“Ne toprağa ne suya ne de havaya. Cemre bu sefer insanlığa düşsün, sadece insanlığa…

Cemre; tek havaya, suya ve toprağa düşmesin; insanlığa da düşsün, kalbe ve akla da!

Hak ve adaletle ayakta dursun insanlık! Atmasın üç beş soysuzun ardında takla, fakirler daha fakir olmasın, açlar bir deri bir kemik kalmasın, çocuklar ölmesin savaşlarda ve uçak gördü mü korkup kaçmasın ağlaya ağlaya. Kadına taciz bitsin, otizmli çocuğa rehabilitasyon merkezinde ve her yerde şiddet uygulanmasın, kediler bir koli gibi bantlanıp tekmelenmesin , bombalarla tuzak kurulmasın insanlara. Ağaçlar kesilip yerine apartman ormanları yapılmasın. Yaşam alanı daraltılmasın yabani hayvanların.

Cemre bir kere de yüreğe düşsün. Duygular huruşana gelsin ve sarsın dünyayı. Sınırlar kalksın, insanlar boğulmasın denizlerde, köpeklerle insanların üzerine saldırılmasın, insanlar atlarla tepilmesin, coplarla dövülmesin.

Suriye’ye de cemre düşsün. Savaş bitsin. İnsanlar topraklarına dönsün. Çocuklar kaybolmasın, kızlar satılmasın, kadınlar pazar malı olmasın, erkekler yakılmasın, evler yıkılmasın. Metrobüste ve trafik ışıklarında Suriyeli çocuklar mendil satmaya çalışmaktan yorgun düşüp başlarını herhangi birisinin dizine dayayıp ya da kaldırma koyup yatmasın. Kadınları, kızları iyilik adına başkasının ikinci ya da üçüncü karısı olmasın. Cuma namazı vakti camiler bombalanmasın. Yüzlerce insan öldürülmesin. Cemre bir kere de insanlığa düşsün.

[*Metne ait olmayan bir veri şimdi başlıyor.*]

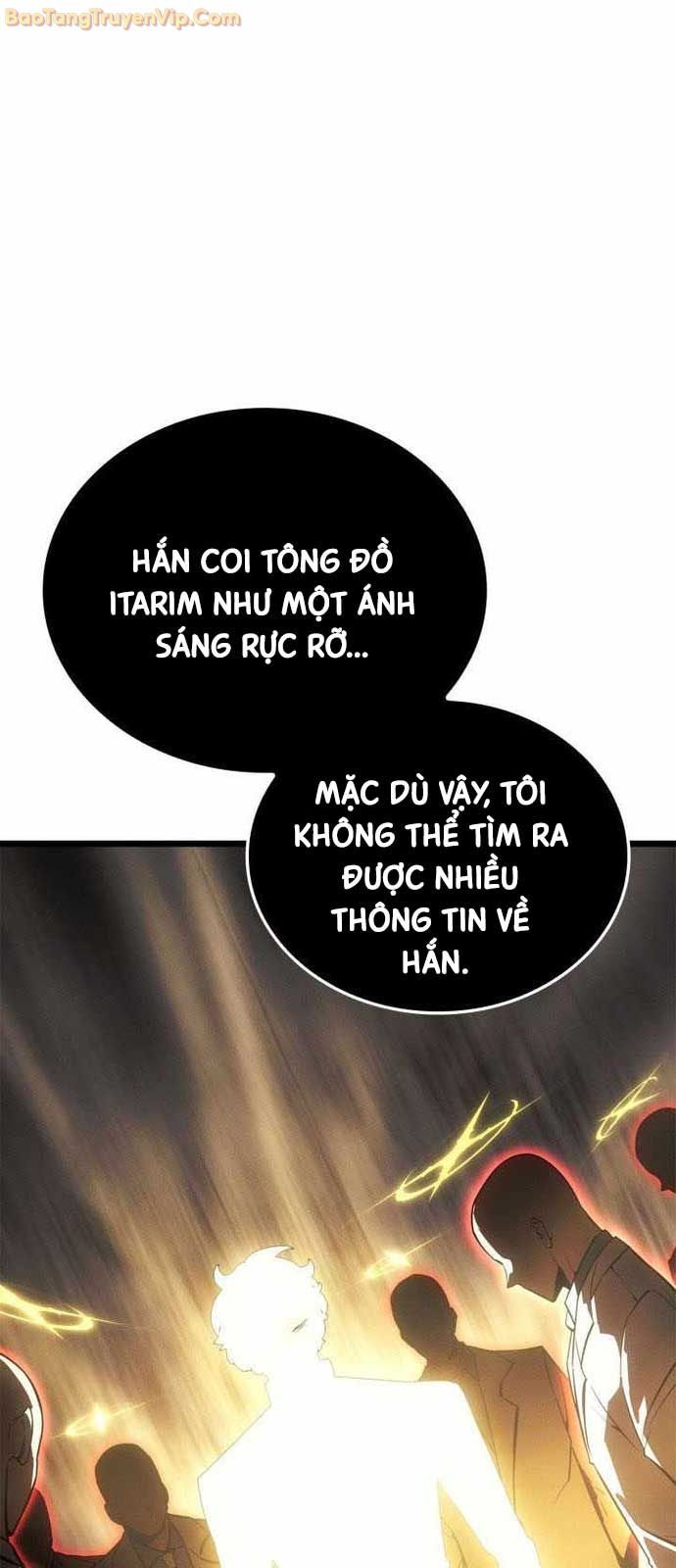 Solo Leveling : Ragnarok - Page 63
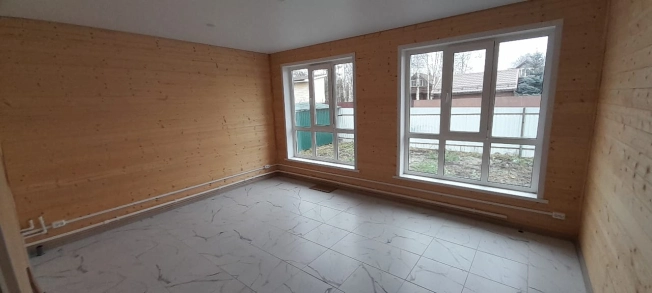 Купить дом в Москве. Вариант № 9209929, 4, площадь -  квм, цена 6850000 рублей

Filistin’de vurulmasın çocuklar. Filistin’e ve dünyanın başka bir coğrafyasındaki mazlum halklara ambargo uygulanmasın, ilaçsız kalmasın oralar, aç ve susuz… Onlara uzanacak yardım eli kesilmesin, engel koyulmasın içimizdeki insan sevgisine. Set çekilmesin aklımızdaki dünya barışına. Olimpiyatlar insanlık adına olsun bir kez, barış için, kardeşlik ve güzellik yarışına katılsın bütün dünya.

Cemre bir kez de Afrika’nın çölüne düşsün. Açlıktan ölmek üzere olan bir çocuğun başında akbabalar durmasın. Dünyanın yer altı ve üstü zenginliklerini yönetenler geri kalanın açlığına sebep olmasın. Kabileler arası palalı, kamalı saldırılar olmasın. Onların çatlamış dudakları susuz kalmasın. Onlar geldiğinde madenlerimiz bizim elimizdeydi, İncil onların elindeydi. Şimdi ise İncil bizim elimizde madenlerimiz onların elinde demesin hiçbir Afrikalı.

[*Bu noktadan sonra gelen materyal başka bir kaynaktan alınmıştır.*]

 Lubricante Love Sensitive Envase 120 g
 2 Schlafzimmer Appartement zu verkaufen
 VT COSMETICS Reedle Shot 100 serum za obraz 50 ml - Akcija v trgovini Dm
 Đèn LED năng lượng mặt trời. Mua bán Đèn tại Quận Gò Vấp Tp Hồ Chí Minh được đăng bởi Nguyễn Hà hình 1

Cemre bir defacık da vicdanlara düşsün. 11 yaşındaki çocuk bulduğu sokak kedisine süt vermek için çıktığında evinin bahçesine, teröristlerin patlattığı bombayla hayatını kaybetmesin. Babasız kalmasın çocuklar, eşsiz kalmasın kadınlar, evlatsız kalmasın analar babalar. Paylaşılmayan nedir, anlaşılmayan. Deprem, sel vb. afetler son bulsun ve insanlar huzur icinde yaşasın. İnsanlar fırsatçılık yapmasın.

Kötülükler kalksın ortadan, çirkinlikler silinsin göz önünde, akıldan noksan olsun cinayetler, insanlık yeniden doğsun saf ve temiz bir şekilde.

Cemre düşsün hayallere. Savaşsız bir dünya kuralım silbaştan. Masmavi bir gökyüzü savaş uçaklarıyla kirletilmemiş. Masmavi bir deniz savaş gemileriyle kirletilmemiş ve tertemiz bir toprak masumların kanıyla sulanmamış. Dağları, ovaları ve tarlaları yemyeşil ağaçlarla ve çiçeklerle süslenmiş, ekmeği bozulmamış…

Bir dünya istiyorum fakirin kalmadığı, açın olmadığı, insanların oradan oraya sürülmediği, savaşın esamisinin okunmadığı, silahın patlamadığı, bombanın atılmadığı…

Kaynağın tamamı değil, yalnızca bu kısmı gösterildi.